Exercise aim - An exact copy is all that is wanted: the lines from the one with "Aparat de cafea" through the end of the listing below, both included, minus any pictures.

Data records -
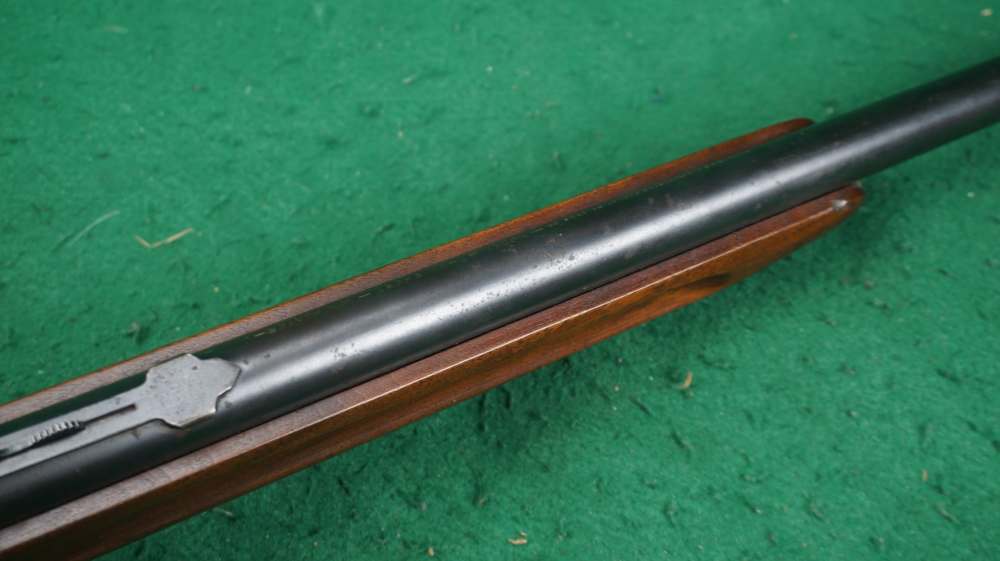 Pre-1968 Winchester Model 67 Single Shot 22lr 27" 1¢ Start C&R OK-img-10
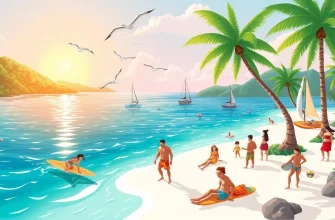 Aventure sur les îles polynésiennes : 10 films à ne pas manquer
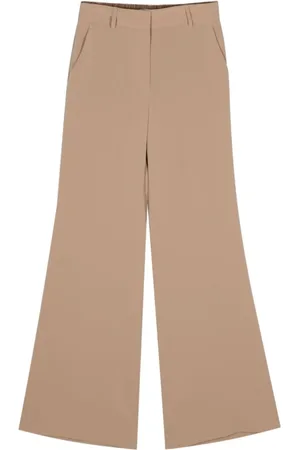 ALBERTO BIANI Damen, Hosen, Braun, 2XSGröße:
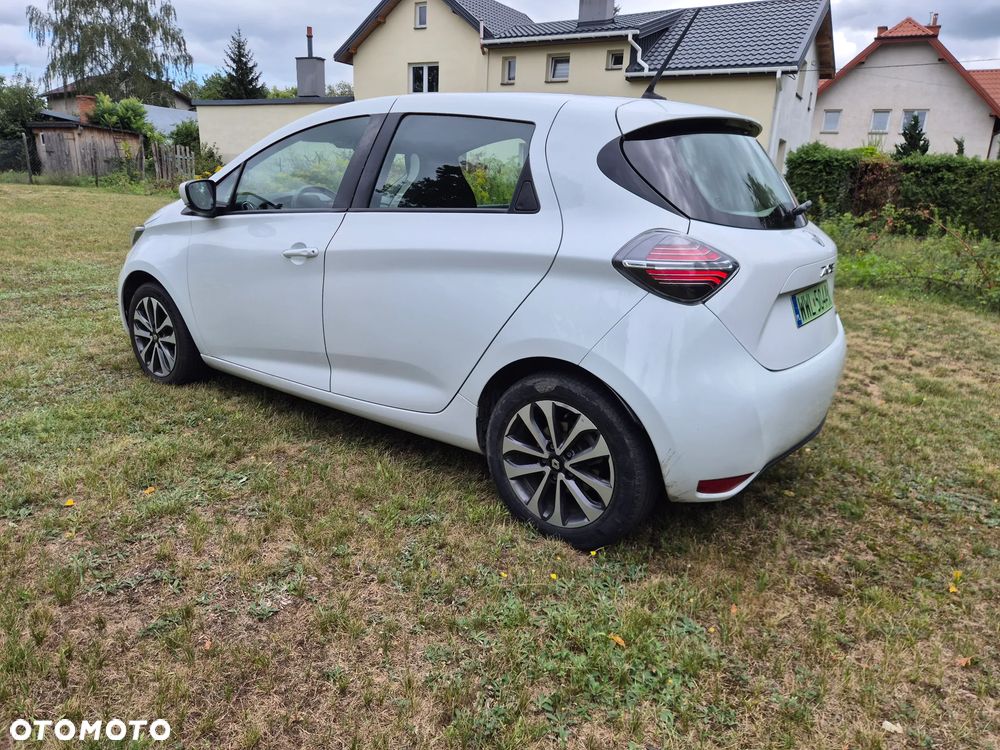 Renault Zoe - 10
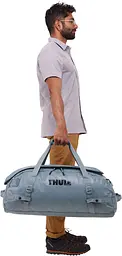 Спортивна сумка Thule Chasm Duffel 70 л Pond (TH 3204996) - мініатюра 4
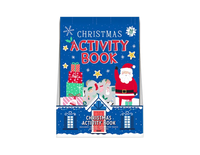 Christmas Activity Pack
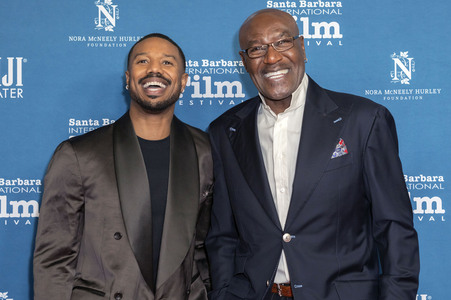 Outstanding Performer of the Year Award Preisverleihung, Santa Barbara International Film Festival 2026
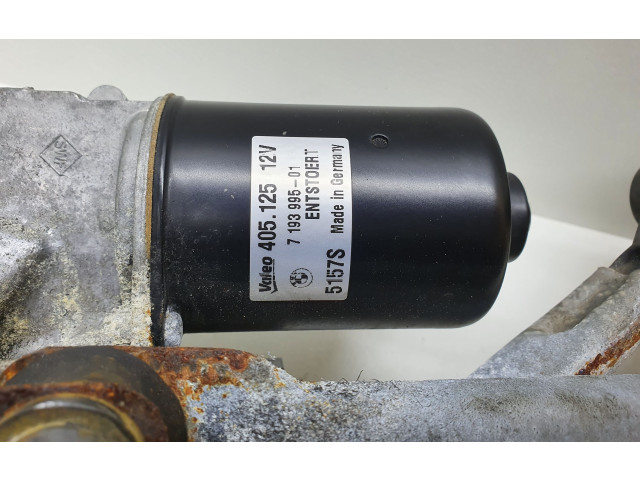 Подрулевой шлейф SRS 7194029, 719399501   BMW 5 E60 E61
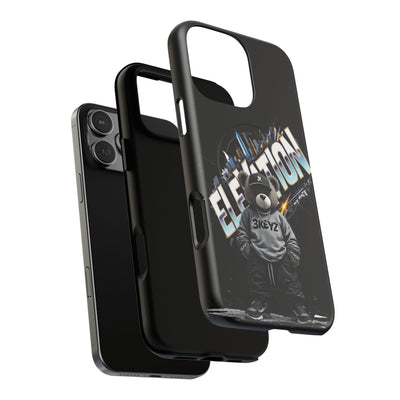 3keyz Magnetic Phone Case - Elevation Drip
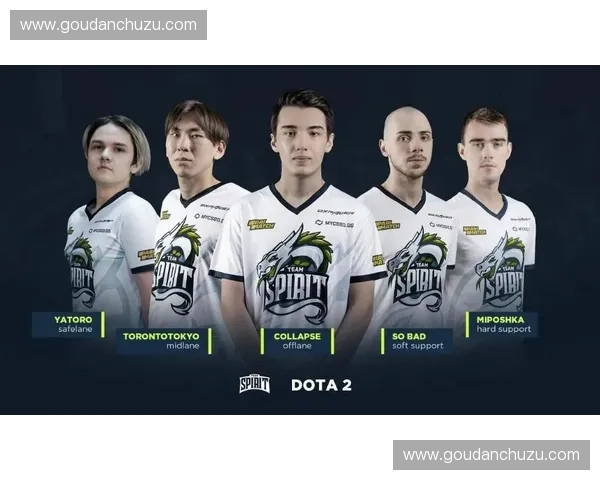 Dota2直邀赛季新变革 各战队备战激烈角逐迎接全球顶级赛事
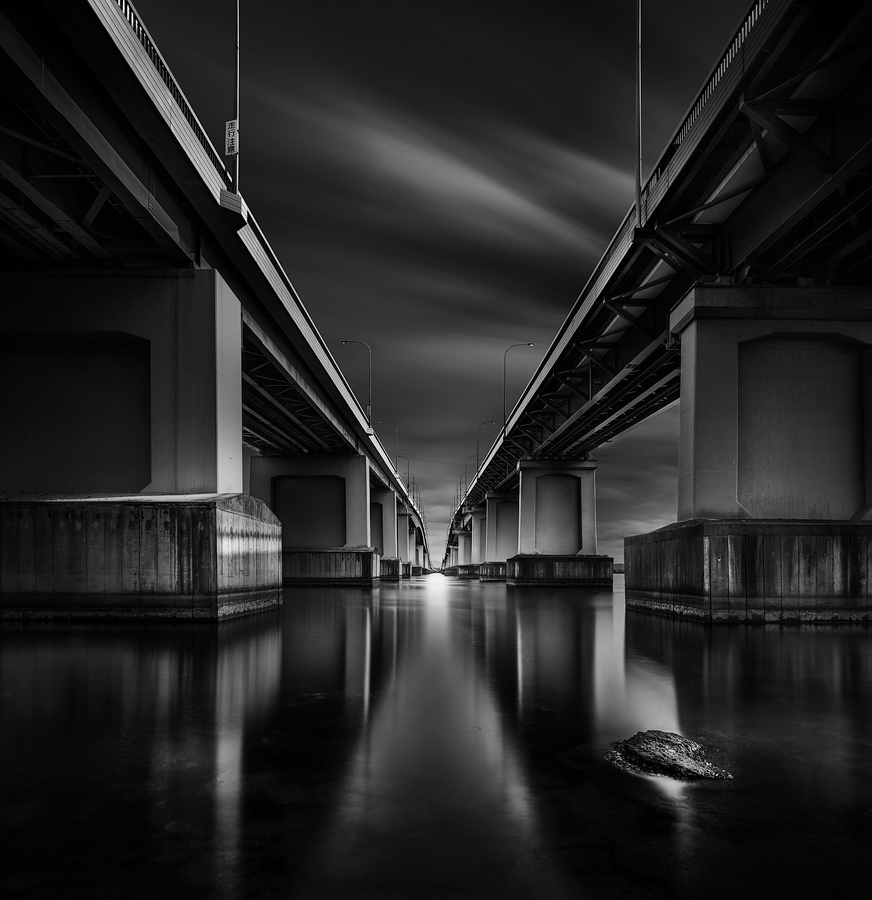 1st Place Winner - Architecture Photographer of the Year 2015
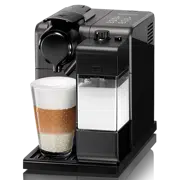 Aparat de cafea Nespresso Lattissima Touch, Black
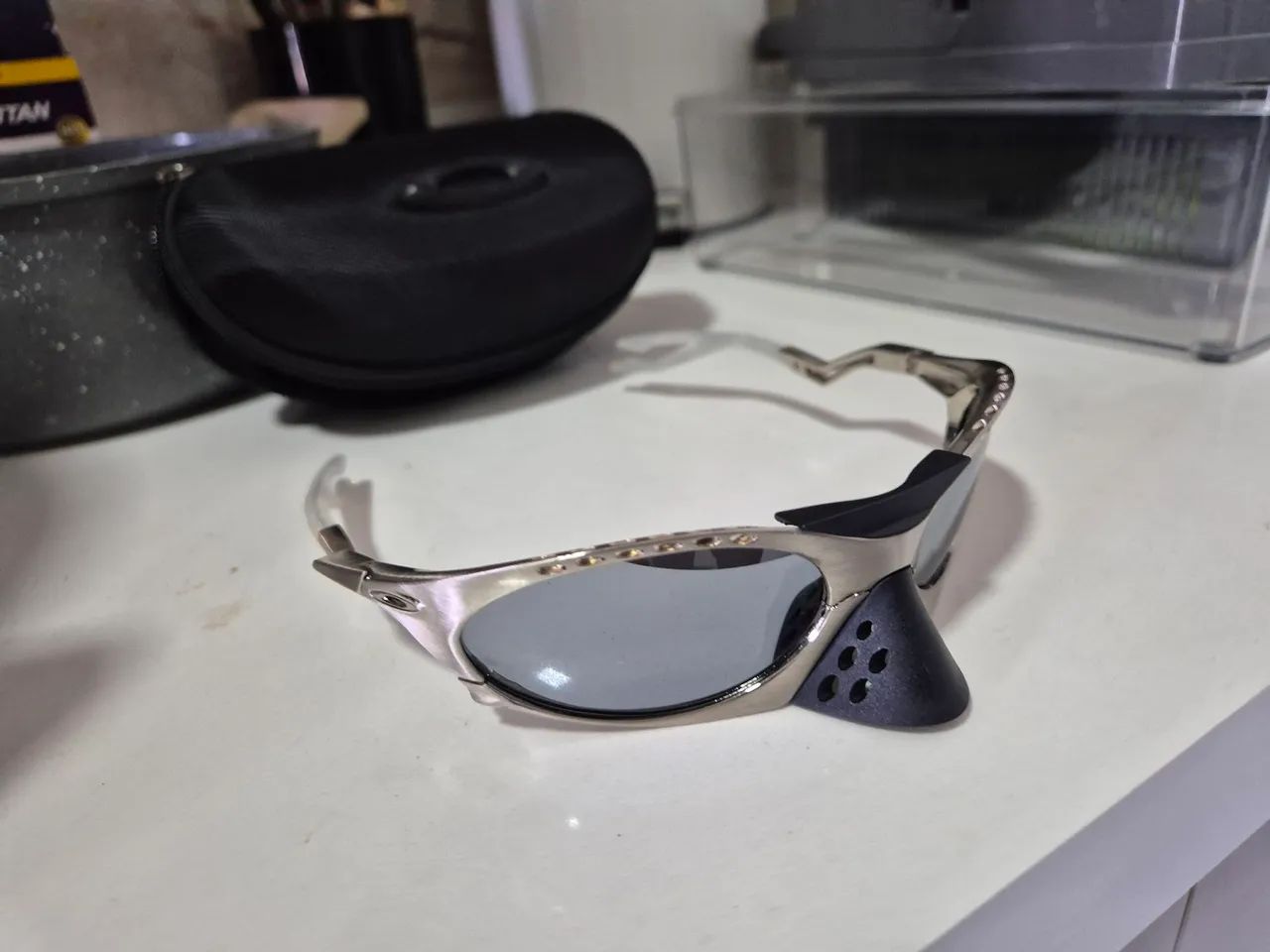 Oakley Plantaris TI (premium high-quality) - Foto 3
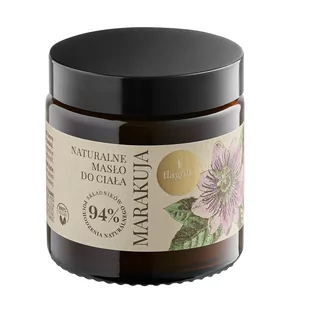 Flagolie Naturalne masło do ciała Marakuja 115ml - Świece - miniaturka - grafika 1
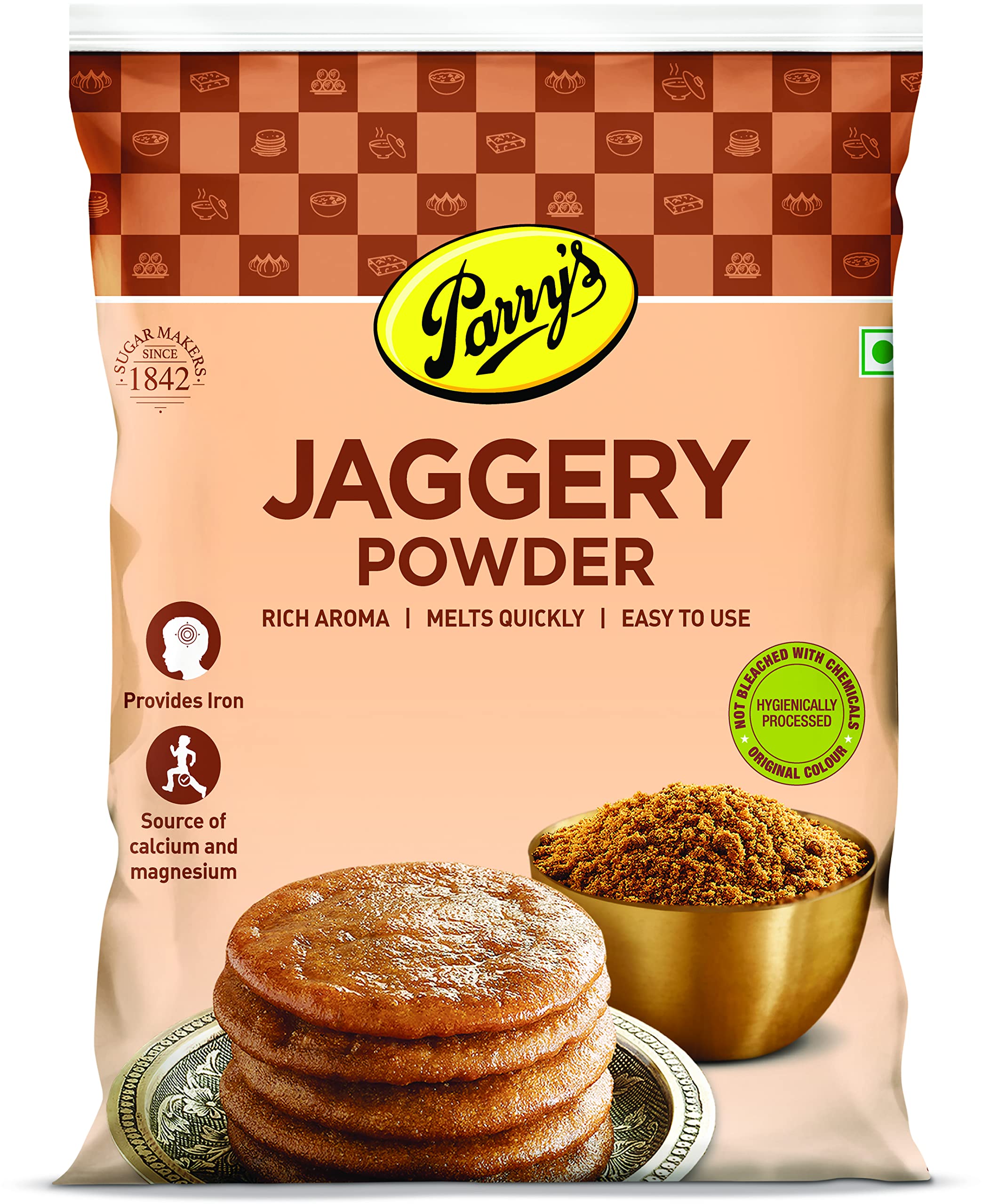 PARRY JAGGERY POWDER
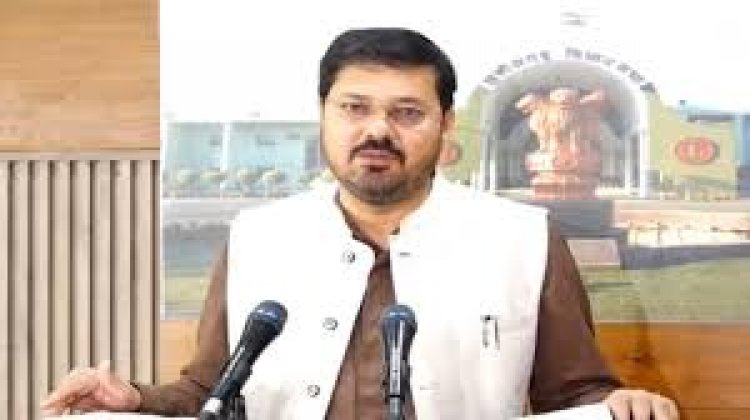 विधायक अनुज के जनहित मुद्दों के सवाल से फिर गूंजा सदन:: मंत्रियों से मांगे जवाब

Exercise output -
 Aparat de cafea Nespresso Lattissima Touch, Black
 Oakley Plantaris TI (premium high-quality) - Foto 3
 Flagolie Naturalne masło do ciała Marakuja 115ml - Świece - miniaturka - grafika 1
 PARRY JAGGERY POWDER
 विधायक अनुज के जनहित मुद्दों के सवाल से फिर गूंजा सदन:: मंत्रियों से मांगे जवाब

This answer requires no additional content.